また、「氷点」の元作家13人が17日、胡錦涛・総書記と中央指導部宛に公開状を連名で提出し、責任編集者らを解任した中国宣伝部の決定は違法であると訴えた。
一方、「中国青年報」の元編集者・王氏は、今回の事件では、事実上、李大同氏が代表する報道側が勝ったとみている。その理由として、「わずか1ヵ月の間に中国宣伝部は停刊命令を撤回したことは、上層部が自由に天下を制する時代はすでに過ぎ去ったことを意味する。実際に、国民は中共が賞賛する人や物事にはもう興味を示さない。反対に李大同氏は中共に批判されるたびに、人々から同情を集め、賛同され、益々有名になった。つまり、李大同氏が今回の事件で勝利を手にしたとも言える」と彼女は語った。

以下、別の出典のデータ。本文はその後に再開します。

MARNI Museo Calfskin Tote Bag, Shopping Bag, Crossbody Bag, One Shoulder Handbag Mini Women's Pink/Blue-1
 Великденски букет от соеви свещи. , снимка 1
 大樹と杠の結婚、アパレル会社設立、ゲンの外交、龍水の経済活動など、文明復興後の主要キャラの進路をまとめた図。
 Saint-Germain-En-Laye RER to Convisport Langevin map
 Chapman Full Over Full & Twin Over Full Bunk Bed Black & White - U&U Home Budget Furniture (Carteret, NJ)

(*)「氷点」が今年1月、中国の歴史教科書を批判する文章を掲載したことで、停刊処分を受けた。問題とされる文章は、中学校の歴史教科書の中で「愛国主義運動」と讃えられている1900年の「義和団事件」が、事実上、大勢の児童を含む外国人200人以上を殺害した暴力運動であると批判した。